Marchionne è — non riusciremo mai parlarne al passato — un uomo pubblico, entrato nelle case di tutti con il maglione nero e discutibili camicie a quadri, conquistando la gente comune. Chi lo incontrava, nei pochi sabati di relax, al mercato della Crocetta, a Torino o al supermarket di Detroit, ad acquistare il pesce, lo salutava dicendo sottovoce «è Marchionne…». Oggi prega per la sua salute, chiede, si informa, vuol sapere come sta. (Qui il servizio di Giusi Fasano da Zurigo: le condizioni irreversibili e l’ultima battaglia)

Un’ondata di affetto perché Marchionne, considerato uno dei manager più popolari al mondo, è uno che sorride quando i ragazzini suonano il campanello della sua casa per fargli uno scherzo. Seduto alla scrivania nel suo studio, guarda fuori dalla finestra e saluta, si sente parte della comunità. Il manager duro, determinato, freddo, che si accende come un fiammifero, di cui tanti suoi collaboratori raccontano sfuriate pazzesche e taglienti, sa essere ironico, divertente, affettuoso, tenero.

Telefona, all’improvviso, di nascosto, alle persone di cui si fida, pregandole di far in modo che Manuela, la sua compagna («la mia fortuna» dice di lei), non sappia di un pettegolezzo o di un commento che potrebbero farla soffrire: «Non ditele nulla, fate in modo che non lo scopra». Quando lo fermano e lo salutano nelle occasioni pubbliche, ostentando una familiarità di lunga data, si gira e chiede «chi è?» e poi scoppia a ridere, con le lacrime agli occhi, commentando la sua performance «degna di un grande attore».

In visita, nelle fabbriche, è applaudito come una star, rassicura, garantisce il lavoro e trasmette serenità.

A chi critica le sue sciarpe dai colori spenti, sempre sulle tonalità del grigio, che esibisce regolarmente ai saloni di Detroit o di Ginevra, con la scusa di aver freddo, risponde «me l’hanno regalata i ragazzi della mia squadra, sono felici se me la vedono addosso».

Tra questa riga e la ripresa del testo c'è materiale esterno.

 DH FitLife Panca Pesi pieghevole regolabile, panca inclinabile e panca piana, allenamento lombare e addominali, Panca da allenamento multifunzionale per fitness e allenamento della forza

Quando, sempre durante un motor show, nascosto dietro a una colonna per fumare, sperando che nessuno lo scoprisse (ma ha smesso da alcuni mesi), chiese conferma se lo stand era bello. Non è mai soddisfatto, chiede ogni volta qualche modifica, «per Fca voglio il meglio», ripete ogni volta che le cose non gli piacciono.

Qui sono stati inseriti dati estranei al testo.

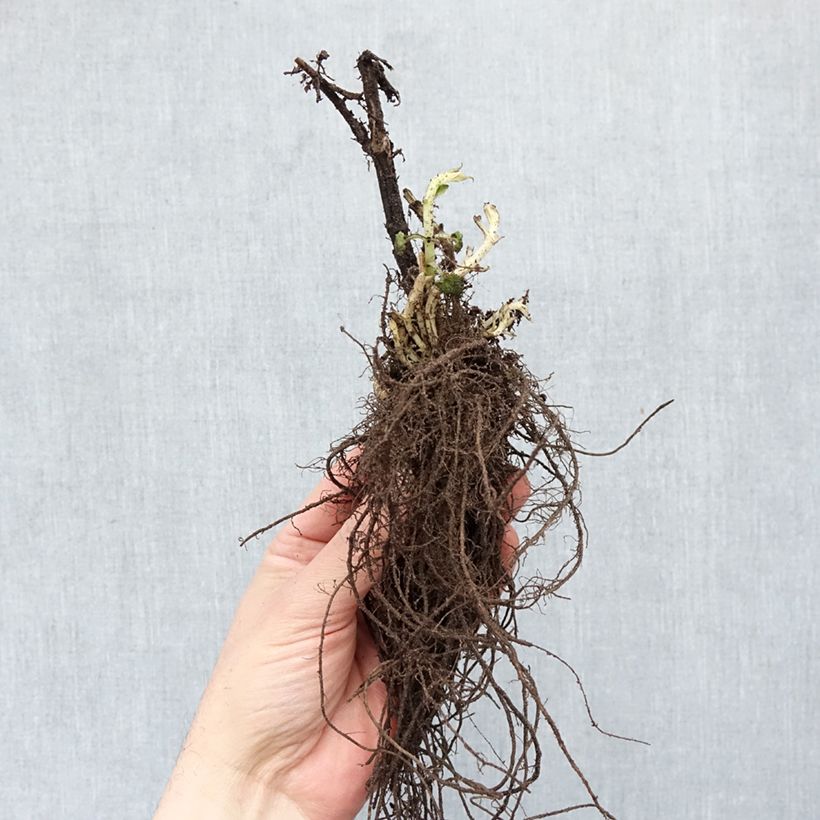 Amostra de Agastache Blue Fortune Raízes nuas tal como entregue no inverno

Forse non c’è mai stato un amministratore delegato così innamorato della sua società, in modo quasi naïf, lui che ha un’intelligenza superiore e una memoria eccezionale, si stupisce se qualcuno critica un modello, una strategia «dovrebbero tifare per noi come per una squadra di calcio». Il suo altro grande amore è l’Italia. In casa, anche dopo il trasferimento in Canada, a soli 14 anni, si parlava italiano. Le sue radici sono sempre state ancorate al nostro Paese, pur avendo avuto una formazione anglosassone. Non si vergogna di girare con la bottiglietta di plastica dell’acqua in mano, beve direttamente dalla bottiglia, apprezza il caffè ristretto, sa guardare negli occhi e leggere dentro le persone, non sopporta l’infedeltà. Quando parla, la sua mente corre più delle parole, è necessario interpretarlo ma trasmette ogni volta un’informazione, importante saperla cogliere.

Ha mantenuto sempre le promesse, sin dall’inizio, mentre battagliava come un forsennato per salvare la Fiat. Era stato a New York, nello studio degli avvocati Sullivan&Cromwell, per cercare di risolvere il contratto che legava la casa piemontese alla General Motors. Dopo, era venuto a Detroit, al Salone e a chi gli chiedeva «ma come riuscirà a far risorgere la Fiat, come potrà concorrere con questi mostri?». Nel 2005 l’industria dell’auto americana era all’apice del successo e Fiat non aveva una sola macchina nuova, lui rispose «ho bisogno del vostro aiuto, ma vinceremo, quando firmerò l’accordo manderò un messaggio».

È stato di parola, alle 5 del mattino, del 14 febbraio 2005, sul cellulare apparve un messaggio: «Abbiamo appena firmato». Aveva fatto un miracolo. Dopo, al telefono, era felice come un bambino.